FORUM: Internetzeitschrift des Landesverbandes für Kinder
in Adoptiv und Pflegefamilien S-H e.V. (KiAP) und der Arbeitsge-
meinschaft für Sozialberatung und Psychotherapie (AGSP)


 

Nachrichten / Jahrgang 2006

 

Kindesmißhandlung:
Spandau will künftig schneller einschreiten

Neuer Regelkatalog für Umgang mit Verdachtsfällen

von Christine Eichelmann

 

Berlin - Das Jugendamt Spandau geht beim Umgang mit Kindesmißhandlung und
-vernachlässigung in die Offensive. Gestern stellten Jugendstadträtin Ursula Meys und Gesundheitsstadtrat Axel Hedergott (beide SPD) einen Maßnahmenkatalog vor, der den Ablauf nach Hinweisen auf mögliche Kindeswohlgefährdungen regelt und seit dem 1. März in Kraft ist. Nach mehreren spektakulären Fällen verwahrloster oder gequälter Kinder und politischem Streit um die Kosten der Hilfen zur Erziehung "wollen wir mehr Transparenz herstellen", erklärte Meys.

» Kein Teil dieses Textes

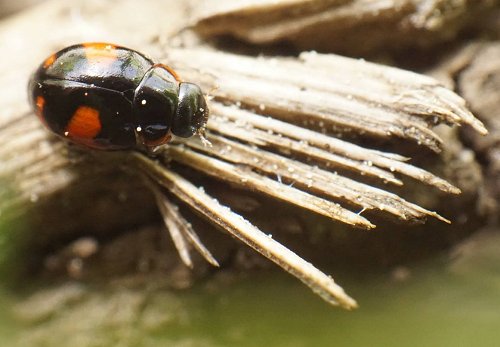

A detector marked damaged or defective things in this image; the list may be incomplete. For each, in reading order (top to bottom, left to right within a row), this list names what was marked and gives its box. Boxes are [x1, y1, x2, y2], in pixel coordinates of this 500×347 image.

splintered wood [124, 47, 484, 308]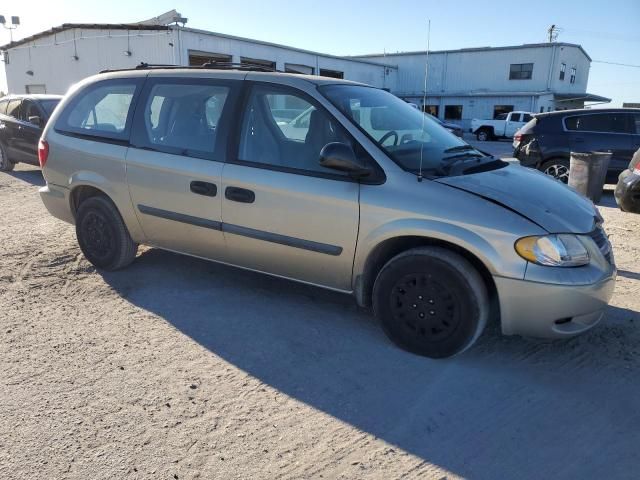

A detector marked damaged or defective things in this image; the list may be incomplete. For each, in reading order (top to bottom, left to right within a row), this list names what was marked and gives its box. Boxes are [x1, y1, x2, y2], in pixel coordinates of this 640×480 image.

crumpled hood [438, 164, 596, 233]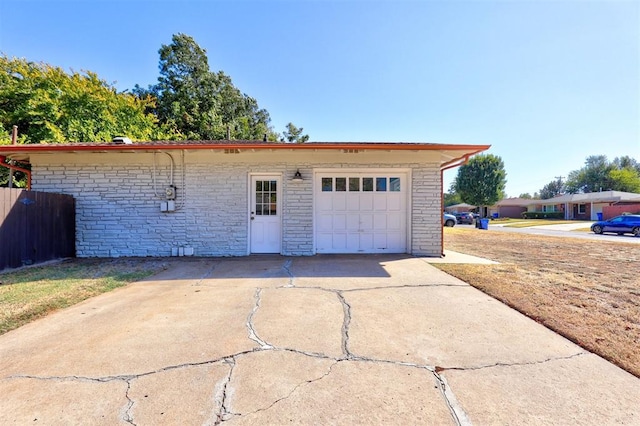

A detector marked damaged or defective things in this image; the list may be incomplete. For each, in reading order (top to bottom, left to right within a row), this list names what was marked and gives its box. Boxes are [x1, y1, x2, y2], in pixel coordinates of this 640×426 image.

driveway crack line [246, 288, 274, 348]
cracked concrete [1, 255, 640, 424]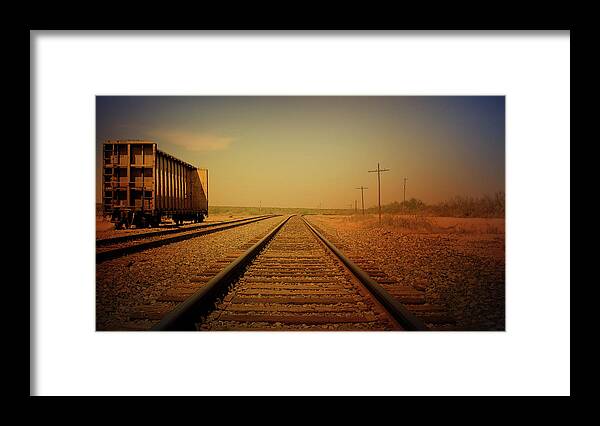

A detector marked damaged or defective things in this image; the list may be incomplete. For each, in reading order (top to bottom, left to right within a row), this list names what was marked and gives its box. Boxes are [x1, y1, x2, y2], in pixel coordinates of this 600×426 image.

rusty boxcar [102, 140, 207, 228]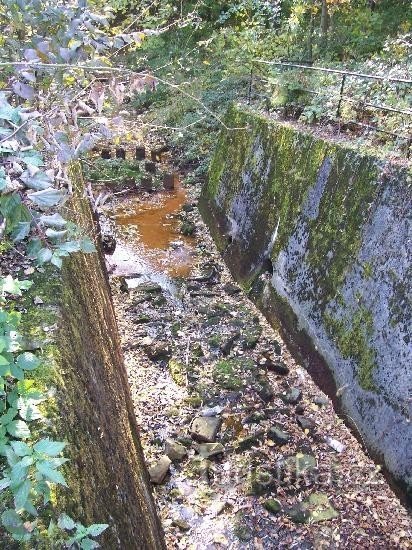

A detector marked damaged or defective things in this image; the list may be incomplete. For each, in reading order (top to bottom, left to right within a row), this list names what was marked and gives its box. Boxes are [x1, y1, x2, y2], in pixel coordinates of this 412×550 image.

rusty orange water [113, 184, 196, 278]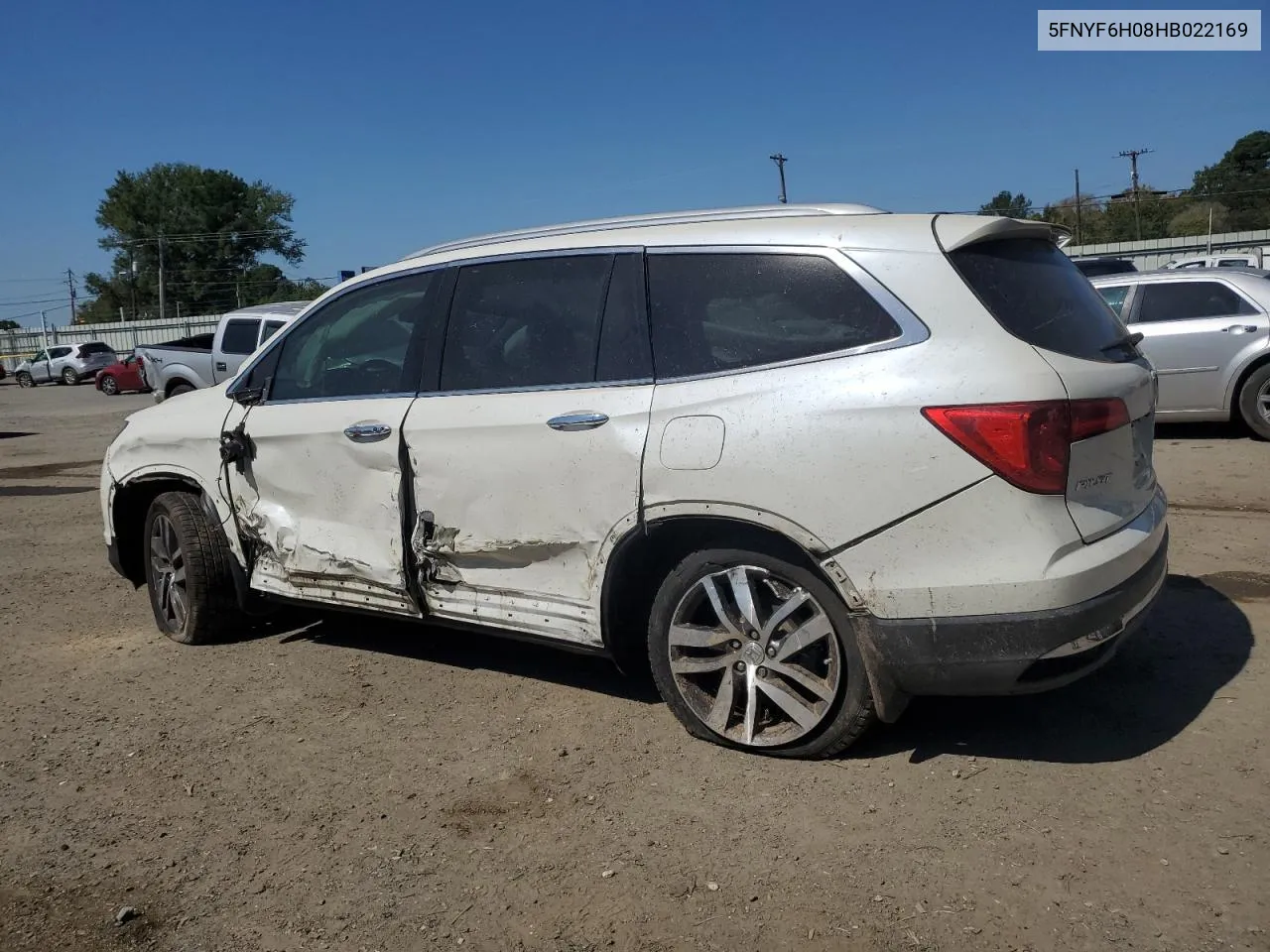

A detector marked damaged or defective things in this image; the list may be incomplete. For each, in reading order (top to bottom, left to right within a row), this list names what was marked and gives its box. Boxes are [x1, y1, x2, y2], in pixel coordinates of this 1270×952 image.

damaged white suv [101, 206, 1168, 762]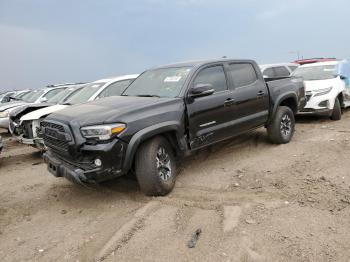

Der Regelkatalog, der allen zuständigen Mitarbeitern gegen Quittung ausgehändigt wurde, schreibt nach Meldungen mit Verdacht auf Kindesmißhandlung oder Verwahrlosung einen sofortigen Hausbesuch vor. Ist der Zugang zur Wohnung nicht möglich, zum Beispiel weil die Verdachtslage für eine polizeiliche Unterstützung nicht ausreicht, soll der Fall über andere Informanten wie Ärzte oder Lehrer weiterverfolgt werden. Für eine akute Unterbringung von Kindern bis 12 Jahren gibt es in Spandau sechs Plätze, die im Schnitt zu 78 Prozent ausgelastet sind. Der Krisendienst "Jona" für 13- bis 18jährige war im Juni 2005 aus Kostengründen geschlossen worden.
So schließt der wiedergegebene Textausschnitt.